"They look fiercer than ever, now that they are nearer," he whispered. "They have such crooked swords and such curly black mustaches. You would better come and peep yourself."
So Barty went and peeped. He did it very carefully so that only the least bit of his curly head was above the cave window-ledge and it only stayed there for a mite of a minute.
The pirates dragged their boat up on the beach with savage shouts and songs, and then they stood and looked all about them as if they were searching for something. They looked up the beach and down the beach, and then they began to look at the cliff and talk to each other about it. Barty could see they were talking to each other about it.
"I believe they know we are here and are trying to find out where we are hidden," he said. It certainly looked as if they were. They looked and looked and talked and talked. At last the Captain walked ahead a few dozen yards and climbed upon the rock and stood there staring up at the cliff-front as hard as ever he could; then he took a spy-glass out of his satchel and he looked through that.
"It seems as if he is looking right at the window," said Barty, rather shaking, "I'm sure he must see it."

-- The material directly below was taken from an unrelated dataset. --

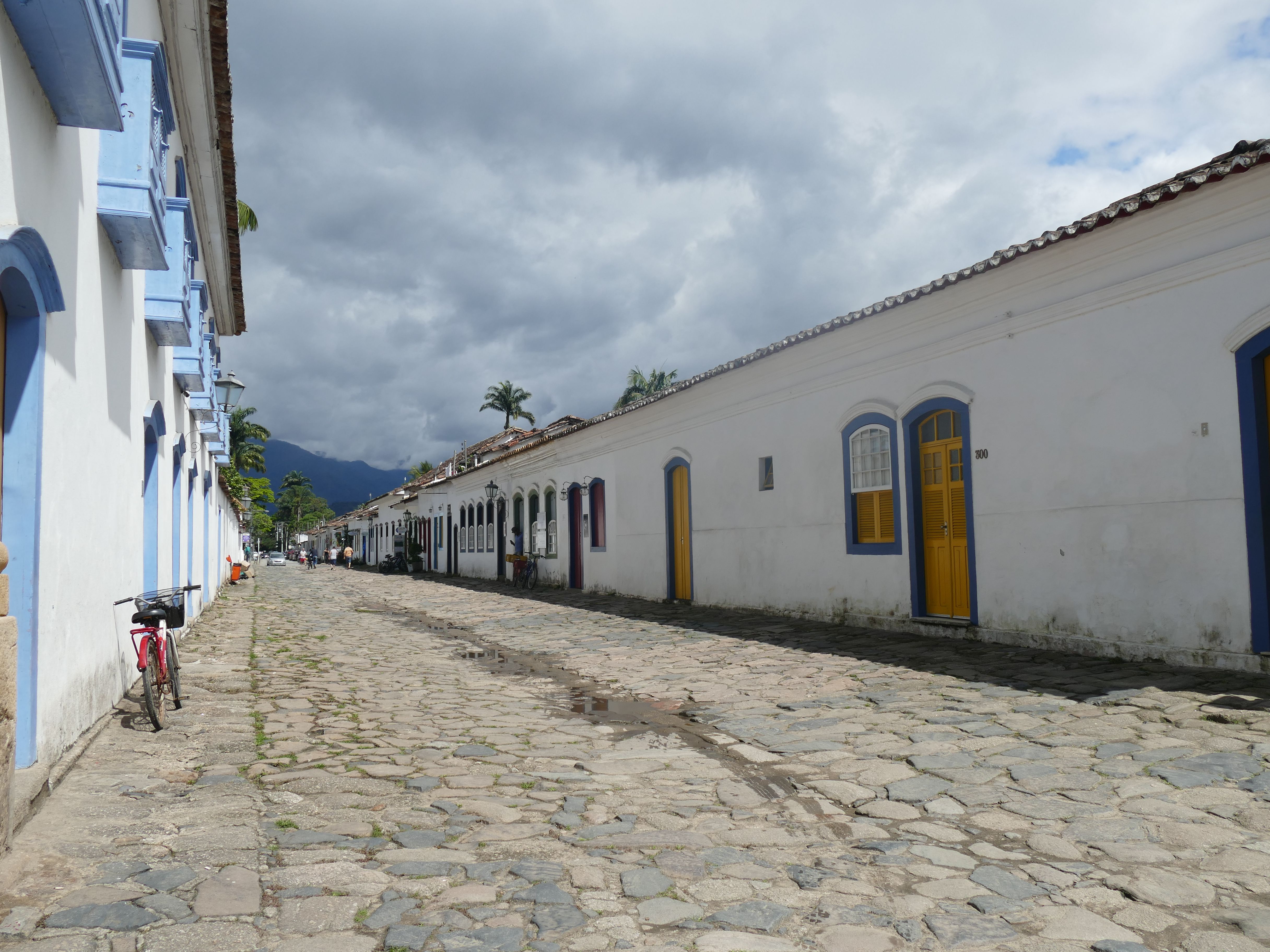 p1280823-parati_comp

He did see it that very minute, because he began to shout to the other pirates and to wave his hat and his sword.
"There's a cave!" he yelled. "There's a cave! They are hiding in there."
Then he jumped down from the rock and ran with the other pirates to the place where the green slope began. Barty and the Good Wolf and Saturday could hear their shouts as they ran, and they knew they were running fast though they could not see them from the cave window.
I will not say that Barty did not turn a little pale. A desert island is a most interesting place and adventures are most exciting, but pirates chasing up a green slope to your cave, waving swords and shouting and evidently intending to search for you, seems almost too dangerous.
"I can't help thinking of that thing I can't remember properly," he said to the Good Wolf. "I wonder what it is."